Some Camp Springs, Ky. residents are concerned about a proposed raw sewage pipeline that could run through their community.
There are plans to build a 20-inch line as part of the $19 million Ash Street Project to help get rid of sewage overflows and storm waters. Sanitation District No. 1 of Northern Kentucky says the community does not have proper sewer access.
"All of us are stewards of the land, and conservation by nature. We want to fix the problem that's the overflow with the CSO in Silver Grove. But, at the same time, we don't want to bring a new problem to our community," said Anna Zinkhon who lives in the area.
That problem being the location of the proposed underground force main pipe.
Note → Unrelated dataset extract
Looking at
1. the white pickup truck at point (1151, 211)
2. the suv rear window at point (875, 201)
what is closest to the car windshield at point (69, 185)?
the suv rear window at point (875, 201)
Zinc hon says it'll go right through the valley in the area, and could hurt property value, cause erosion to the banks of area waterways and hurt income-producing agricultural land.
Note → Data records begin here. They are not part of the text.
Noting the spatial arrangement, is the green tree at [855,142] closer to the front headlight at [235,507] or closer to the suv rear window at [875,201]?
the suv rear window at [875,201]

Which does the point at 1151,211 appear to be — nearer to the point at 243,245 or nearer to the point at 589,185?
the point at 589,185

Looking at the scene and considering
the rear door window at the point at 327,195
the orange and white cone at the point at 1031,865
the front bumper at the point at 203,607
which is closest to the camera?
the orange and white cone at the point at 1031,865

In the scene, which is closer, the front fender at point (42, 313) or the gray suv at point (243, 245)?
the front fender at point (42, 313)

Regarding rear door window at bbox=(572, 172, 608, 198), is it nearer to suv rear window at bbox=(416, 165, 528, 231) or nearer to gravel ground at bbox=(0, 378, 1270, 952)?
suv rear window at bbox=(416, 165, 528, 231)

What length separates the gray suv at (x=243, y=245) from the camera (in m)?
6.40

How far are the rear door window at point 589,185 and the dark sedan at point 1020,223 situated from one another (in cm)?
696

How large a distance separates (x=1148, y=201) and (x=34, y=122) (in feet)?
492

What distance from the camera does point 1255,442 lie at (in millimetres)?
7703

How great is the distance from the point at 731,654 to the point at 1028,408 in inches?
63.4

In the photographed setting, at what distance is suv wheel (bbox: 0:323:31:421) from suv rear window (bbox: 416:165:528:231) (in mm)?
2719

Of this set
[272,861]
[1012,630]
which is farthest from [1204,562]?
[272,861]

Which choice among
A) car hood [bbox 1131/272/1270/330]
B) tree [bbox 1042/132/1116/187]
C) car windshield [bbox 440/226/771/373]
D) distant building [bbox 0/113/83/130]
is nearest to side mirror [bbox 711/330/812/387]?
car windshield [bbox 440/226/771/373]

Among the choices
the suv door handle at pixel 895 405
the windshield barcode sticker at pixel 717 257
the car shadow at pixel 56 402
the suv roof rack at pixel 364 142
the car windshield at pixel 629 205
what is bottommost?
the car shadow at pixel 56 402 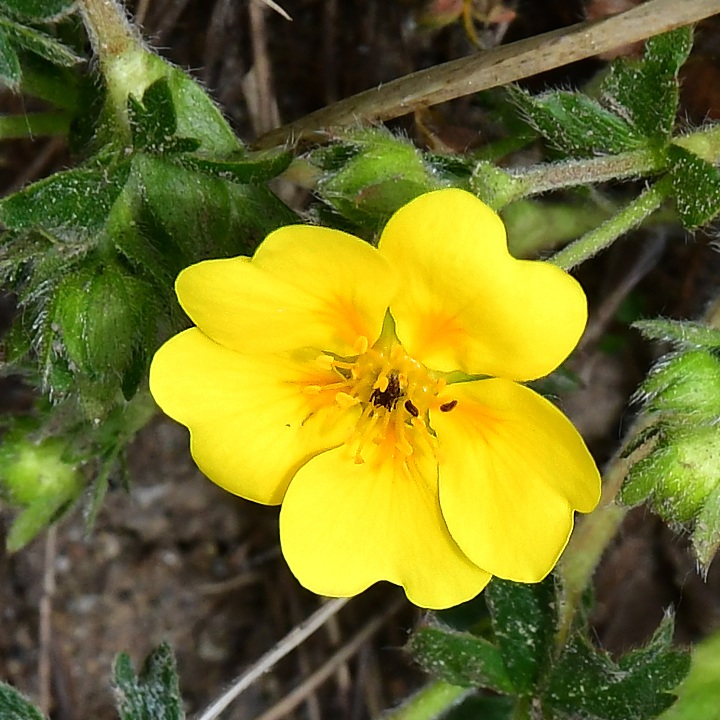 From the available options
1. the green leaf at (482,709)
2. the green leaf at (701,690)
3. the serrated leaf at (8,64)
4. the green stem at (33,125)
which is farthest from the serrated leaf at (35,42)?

The state's Department for Environmental Protection says there will be "no significant impact" to the environment by this project.
"These are utility companies supposed to be working for the betterment of all of us, not taking one person or one group's problem and then creating a problem for somebody else just to improve somebody else's lifestyle," said Zinkhon.
Zinkhon isn't against the pipeline project. She knows it needs to happen to alleviate the overflow issues that are going on in this area. But, even so, she's still willing to sacrifice a piece of her land as long as plans for the project change.
"That solution, even though it's on my property, I can probably still deal with that. It's not going to impact me as much. But taking it through the whole valley impacting 40 or 50 property owners, that's not acceptable," she said.
That would involve an alternative route recently looked at that she says would cost millions more.
A representative from the state's Division of Water says the project could cost close to $20 million. That department issues permits and approves projects.
"It's got to go somewhere, we realize that. We want to put it in the place that makes the most sense and the least impact," Zinkhon told FOX19.
A representative from the Division of Water told FOX19 that environmental assessments have been done and public hearings have been held regarding the line. They'll respond to comments and issue a final plan in the coming weeks that could ultimately include changes to the project.
SD1 must implement a solution to the overflow problem by the end of December 2015.